UNITED NATIONS, Jan. 16 (Xinhua) -- The health sector suffers the most from the scaling down of cross-border humanitarian operations for Syrians as per a new Security Council resolution, said a UN spokesman on Thursday.
Resolution 2504 adopted on Friday re-authorized only two border crossing points of the four that were in operation.
The suspension of al-Yarubiyah crossing on the Syria-Iraq border means that all medical supply shipments through this crossing have come to an end, said Stephane Dujarric, spokesman for UN Secretary-General Antonio Guterres.
In 2019, 1.43 million medical treatments were shipped across al-Yarubiyah to support people in Syria, he told a daily press briefing.
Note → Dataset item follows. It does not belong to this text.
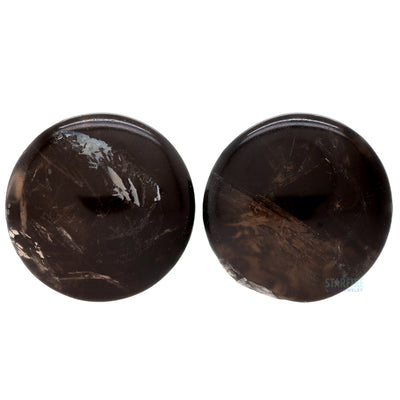 Stone Plugs - Dark Smoky Quartz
The World Health Organization estimates that health service availability will be reduced in the medium term, and that gaps cannot yet be met through the other mechanisms, said the spokesman.
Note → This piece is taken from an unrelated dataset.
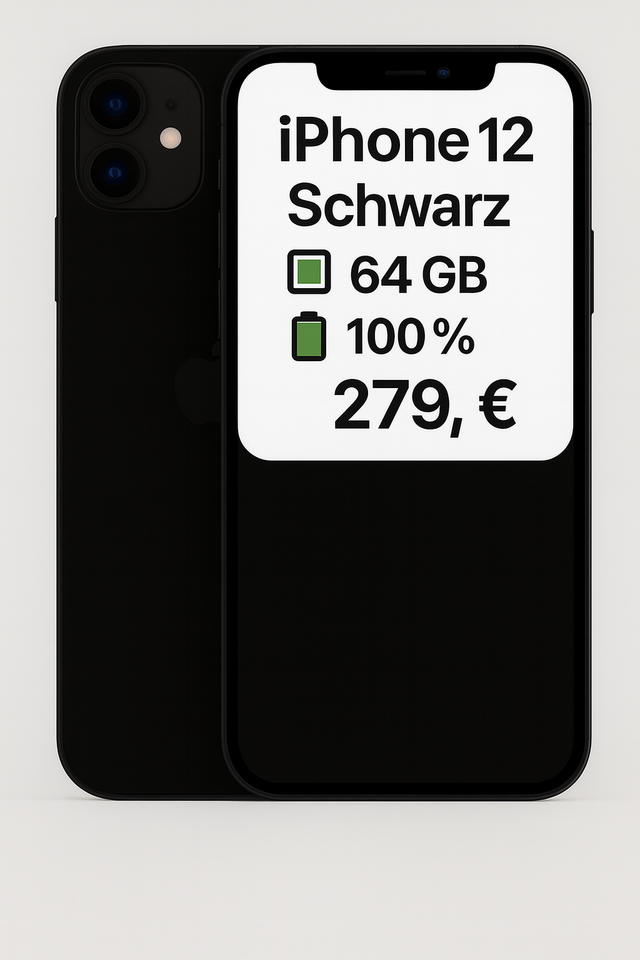 iPhone 12 64 GB Schwarz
Services that are expected to be most affected include child health; reproductive health; secondary health care, including trauma care; mental health; and nutrition, he said.
Guterres reiterates the importance of sustained, unimpeded and safe humanitarian access for all Syrians who need it, he said.
The secretary-general will do everything possible to respond to the request of the Security Council for him to explore, by the end of February, the feasibility of using alternative modalities for the border crossing of al-Yarubiyah in order to ensure that humanitarian assistance, including medical and surgical supplies, reaches people in need throughout Syria, he said.
Contention has been high in the Security Council since late last year over the re-authorization of the cross-border aid mechanism.
On Dec. 20, the council voted on two competing draft resolutions, but failed to adopt either of them. The first draft prepared by Belgium, Germany and Kuwait, which sought the re-authorization of three of the four mandated border crossings for 12 months, was vetoed by Russia and China. The other draft, prepared by Russia, which would authorize only two crossings for a period of six months, failed to receive the required number of votes in favor to get adopted.
On Jan. 10, the day of expiry of the mandate, the council re-authorized two crossings -- both on the Syria-Turkey border -- for six months.
Since 2014, the Security Council had authorized the delivery of aid through four border crossings -- Bab al-Salam and Bab al-Hawa on the Turkish border, al-Yarubiyah on the Iraqi border, and al-Ramtha on the Jordanian border.